Processo: 20/03896-9
Linha de fomento:Bolsas no Brasil - Iniciação Científica
Vigência (Início): 01 de junho de 2020
Vigência (Término): 31 de dezembro de 2020
Área do conhecimento:Ciências da Saúde - Odontologia
Pesquisador responsável:Jorge Esquiche León
Beneficiário:Taisa Ribeiro Kusumota
Instituição-sede: Faculdade de Odontologia de Ribeirão Preto (FORP). Universidade de São Paulo (USP).

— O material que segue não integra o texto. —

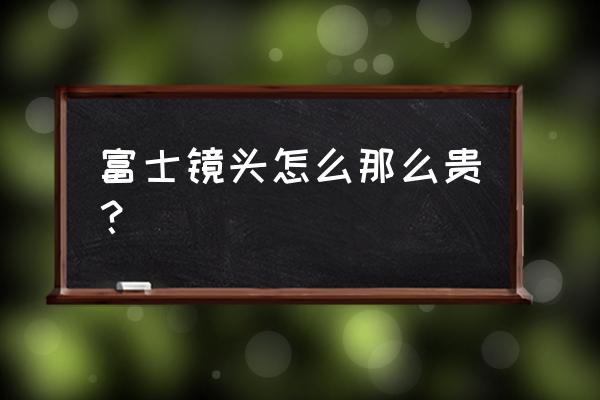 富士镜头为什么比佳能贵 富士镜头怎么那么贵？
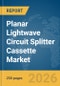 Planar Lightwave Circuit (PLC) Splitter Cassette Market Global Report 2026 - Product Thumbnail Image
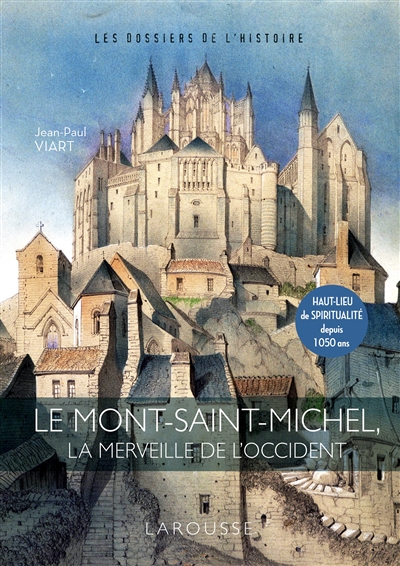 Le Mont-Saint-Michel, la merveille de l'Occident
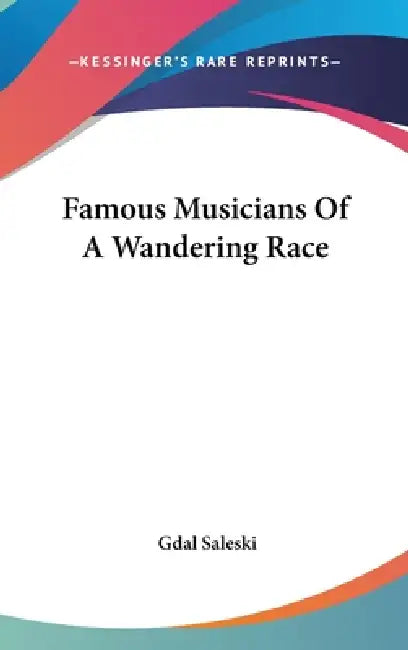 Famous Musicians Of A Wandering Race by Gdal Saleski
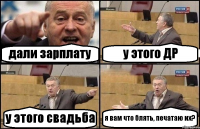 дали зарплату у этого ДР у этого свадьба я вам что блять, печатаю их?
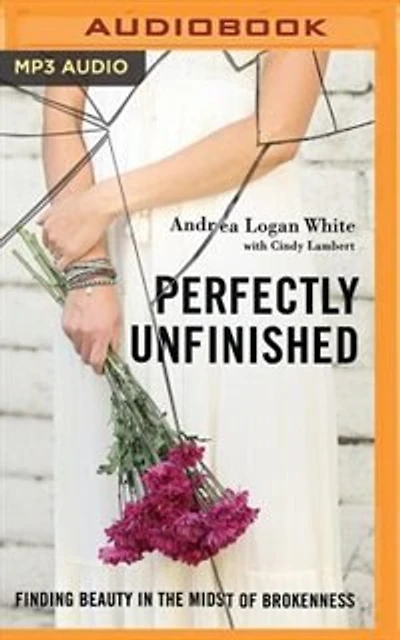 Perfectly Unfinished: Finding Beauty In The Midst Of Brokenness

Ribeirão Preto , SP, Brasil
Assunto(s):Patologia bucal   Neoplasias orofaríngeas   Carcinoma de células escamosas   Infecções por Papillomavirus   DNA viral   Hibridização in situ

Resumo

Vários estudos enfatizam o carcinoma espinocelular (CEC) oral (CECO) como uma entidade distinta do CEC de orofaringe (CECorof). Enquanto o CECO afeta comumente pacientes idosos e está relacionado ao uso do tabaco e álcool, o CECorof afeta pacientes jovens, em estreita associação com infecção pelo papilomavírus humano (HPV) e apresenta melhor prognóstico. Dados do Brasil mostram que entre 5% e 25% dos CECorofs, e entre 10% a 15% dos CECOs, são HPV+. Considerando o perfil do HPV de alto risco (HPV-AR) e baixo risco (HPV-BR), o qual é pouco conhecida no CECO e CECorof, alguns estudos avaliando câncer cervical e lesões pré-malignas mostram que a co-infecção por HPV pode estar associada a uma menor taxa de desenvolvimento de câncer cervical, enquanto outros mostram que a co-infecção por HPV aumenta o risco de câncer cervical. Assim, a identificação dos genótipos HPV-AR e HPV-BR são cruciais, especialmente do ponto de vista preventivo e terapêutico. Até a presente data, não há estudos avaliando detalhadamente o padrão de expressão do DNA viral do HPV-AR e HPV-BR (integrado e/ou epissomal), no CECO e CECorof, a qual poderia auxiliar no melhor entendimento dos mecanismos tumorigênicos estreitamente ligados com a infecção do HPV nestas neoplasias. Assim, o objetivo do presente estudo será avaliar o perfil de HPV-AR e HPV-BR, em estreita correlação com padrão de expressão do DNA viral (integrado e/ou epissomal) pela técnica de hibridização in situ (HIS), em CECOs (n=100) e CECorofs (n=100) em uma população brasileira, visando critérios prognósticos e terapêuticos.